If you would like to follow Isis, feel free to like her page Hiking Pup Isis


Saturday, November 22, 2014

Liberty and Flume for a Thankful November.

                                   
         I have shown a lot of love to Liberty and Flume this year and November was no different. I remember last year how the entire ridge eluded me for the weather so, I guess I was making up for it. This area can be tricky for sure. Last week, I was on Lafayette and Lincoln so, to finish the ridge for the month seemed appropriate. For those that are new to the blog, let me catch you up. I'm primarily a solo hiker (although open to hiking with others) who is working on her Grid or the New Hampshire 48x12 or completing the New Hampshire 48 in all 12 months of the calendar year. I have given myself a lifetime to complete this latest goal so, I will be hiking for a long time. What ever life may bring, I'll still find my way to the mountains. I'm shooting for the number 576 and as of today, I find myself at 29.9% and will close November for this year probably over 30%. The goal is to keep moving forward as with most of my life.

          So, on to todays hike. Liberty and Flume to complete the ridge for November. I was up and ready to hit the road by 4:30am. Snowshoes in the car just in case and spikes on the pack. Isis settled into her seat and I just zoned out. We parked at The Basin in Franconia Notch State Park. First car in the lot and we parked right by the bathrooms. Getting underway, we hiked the bike path towards Liberty Springs. If I could find the Whack for meeting the trail earlier, I'd be ahead of the game. Heading down the hill, I get my first taste of what is under the snow. I'm instantly on my ass and my Nalgene's are flying everywhere. I did not put my spikes on just yet. As I thought, Isis and I did not find the entrance to the Whack so, we were standing at the start of the Liberty Springs Trail. I figured that I would try for it on the way out thinking that someone might travel it today.

       


        Liberty Springs Trail is crusted snow over ice and in places, there is a lot of ice. Welcome to winter (unofficially). After a quick pitstop for myself (I didn't have to go when I parked the car), I put my Hillsound microspikes on my feet. Ready to take on the summits, Isis and I kept moving because it was cold this morning. We followed Liberty Springs and the first .6 to the junction for the Flume Slide Trail, went by in a quick hour. I had a great sense of how my time was going to go today and I was pleased. I knew that I would slow on the vertical gain and I wondered about the winds. Isis and I kept climbing with our next goal of the Liberty Springs Tent site. The water crossings were open with some solid places to walk on so, things are firming up nicely. Intermittently, I break to rest but those breaks are quick because it is very cold today. The snow was building the closer we got to the tent site. On one break, we were passed by two ladies hiking today as well. I was busy eating some cheese and salami and soup (I think it was around 10am. No judging!) and Isis was cleaning her bowl out. I knew that we'd see them again but we did say a hello.

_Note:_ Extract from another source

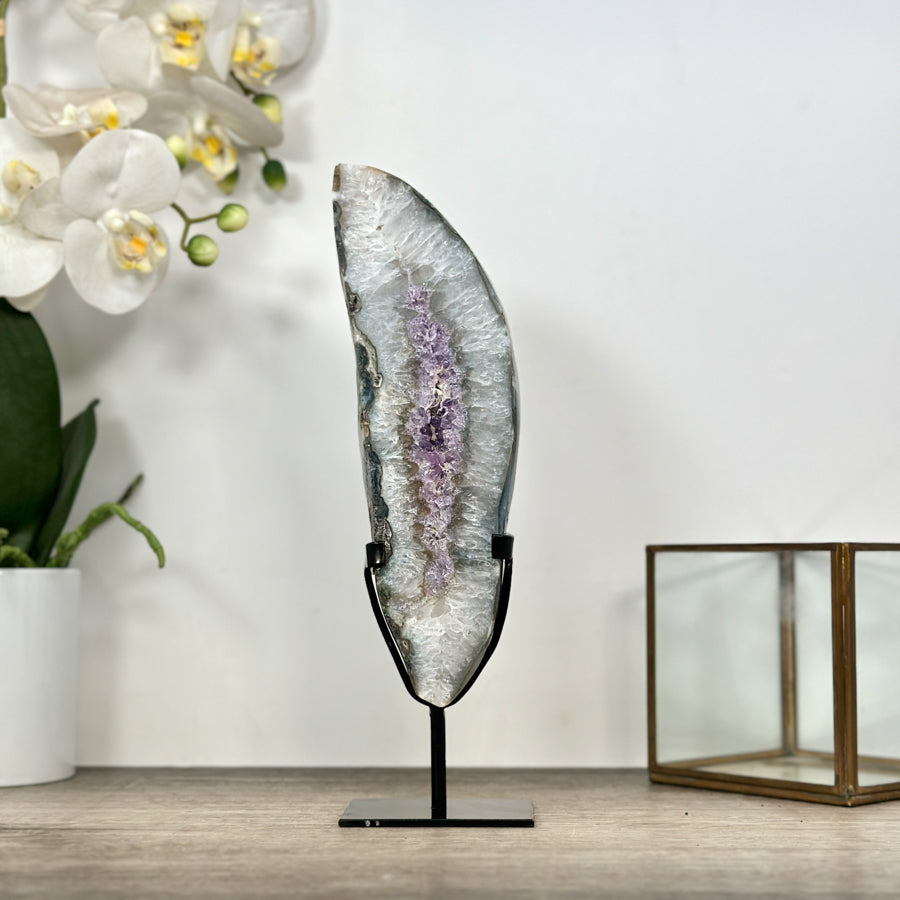 Natural Quartz &amp; Amethyst Stone Geode Slice on Stand - MWS3004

         At 10:30am, Isis and I made it to the tent site for another quick break and to gear up as my face was cold. I put on my face mask and quickly had to adjust to the constriction on my nose (I dislike things on my nose and that actually includes kisses too) and the moisture under the mask. So, I was adjusting it and then took it off for a little while after warming up while walking. As I was stuffing it in my pocket, who comes up behind me but... Larry!

                  "Rachel!" He says. "You should stay home more." He joked.
                  "I should say the same for you. Larry. Nice to see you as always." I smiled

          Larry and I seem to run into one another a lot now. We discuss plans for the future and where we are at in terms of peaks now. I am resting at 193 total 4K summits in New England. Larry hikes ahead and Isis and I give space. He's nice to run into on the trails and I can continue to hike my own hike. Isis and I make it to the Junction of the Franconia Ridge trail, the final push to the summit of Mt. Liberty. It's been cold and snowy for this last push to the junction.





          Making the last .2 to the summit fun, the wind was picking up just slightly. The snow was easy to walk and there was minimal ice... Until we broke tree line. The ice on the rocks was a tricky coating but Isis and I navigated it well. The snow itself had a nice crust on it too. I saw my summit. The classic Liberty Profile showed itself in great light today and then I turned around and saw my destination from last weekend in all it's Glory.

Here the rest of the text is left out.